## [Material to process]
════════

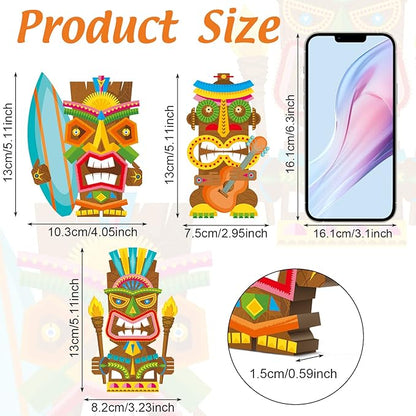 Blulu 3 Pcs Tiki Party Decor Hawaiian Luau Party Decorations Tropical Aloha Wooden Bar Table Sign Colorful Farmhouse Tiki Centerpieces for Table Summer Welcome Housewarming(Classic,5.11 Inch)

════════

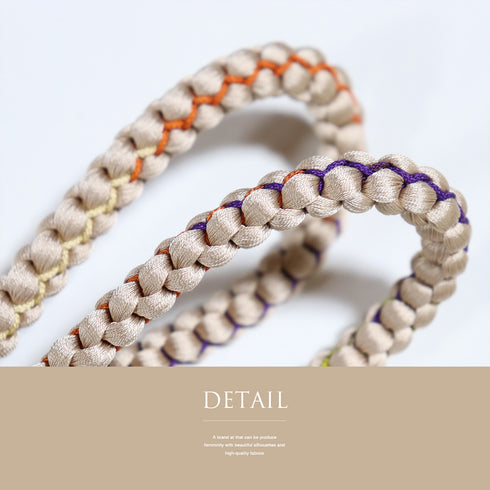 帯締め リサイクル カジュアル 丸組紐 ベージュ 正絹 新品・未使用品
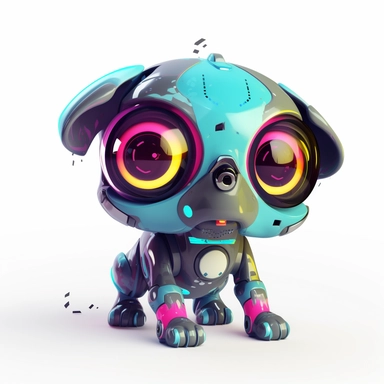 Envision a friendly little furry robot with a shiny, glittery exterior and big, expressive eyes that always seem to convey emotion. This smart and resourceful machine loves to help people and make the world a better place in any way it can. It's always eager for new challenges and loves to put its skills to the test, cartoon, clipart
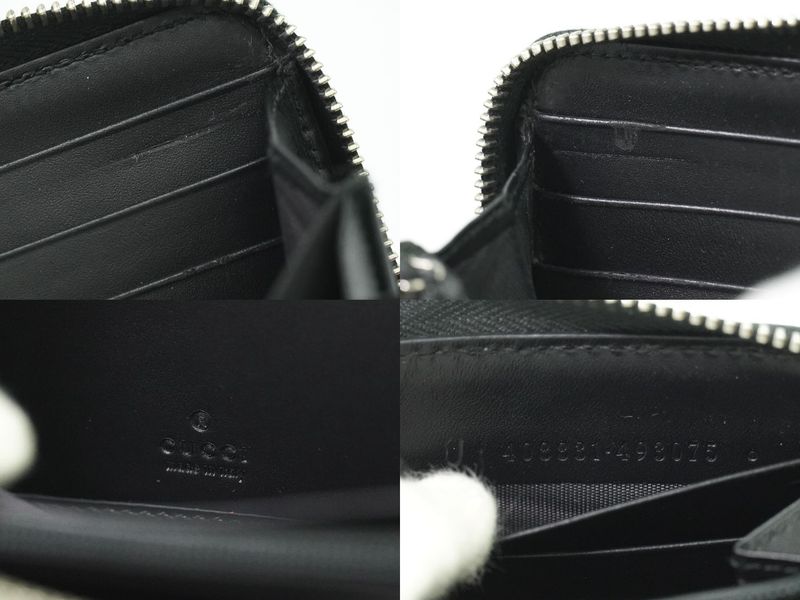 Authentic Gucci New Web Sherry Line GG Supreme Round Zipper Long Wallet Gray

════════

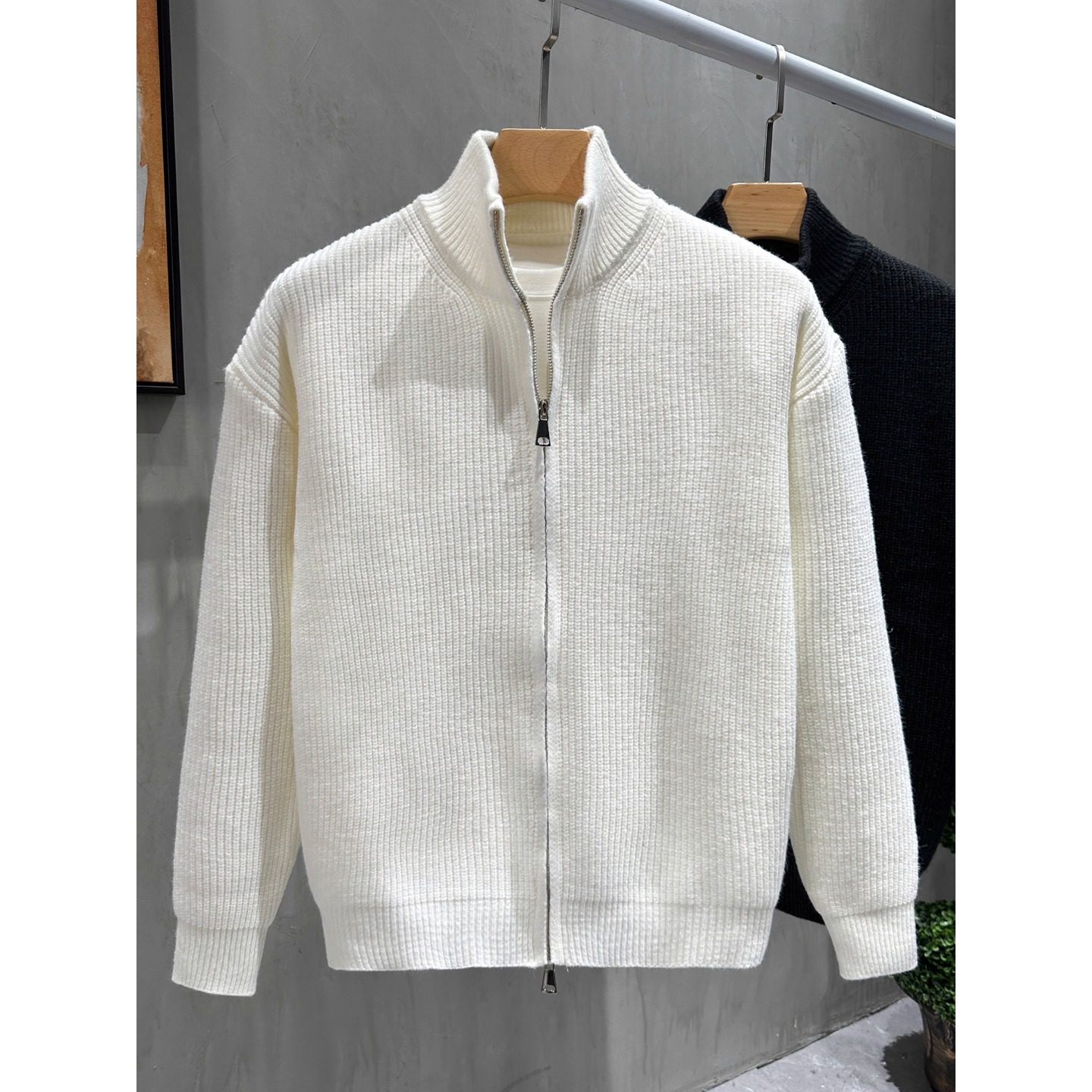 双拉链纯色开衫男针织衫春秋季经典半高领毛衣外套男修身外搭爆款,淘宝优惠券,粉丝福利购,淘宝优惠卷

════════

## [Required work]
The material above holds pictures; leave them out and set down exactly the lines from the line with "帯締め リサイクル カジュアル 丸組紐 ベージュ 正絹 新品・未使用品" to the line with "Authentic Gucci New", both included.

## [Response box]
 帯締め リサイクル カジュアル 丸組紐 ベージュ 正絹 新品・未使用品
 Envision a friendly little furry robot with a shiny, glittery exterior and big, expressive eyes that always seem to convey emotion. This smart and resourceful machine loves to help people and make the world a better place in any way it can. It's always eager for new challenges and loves to put its skills to the test, cartoon, clipart
 Authentic Gucci New Web Sherry Line GG Supreme Round Zipper Long Wallet Gray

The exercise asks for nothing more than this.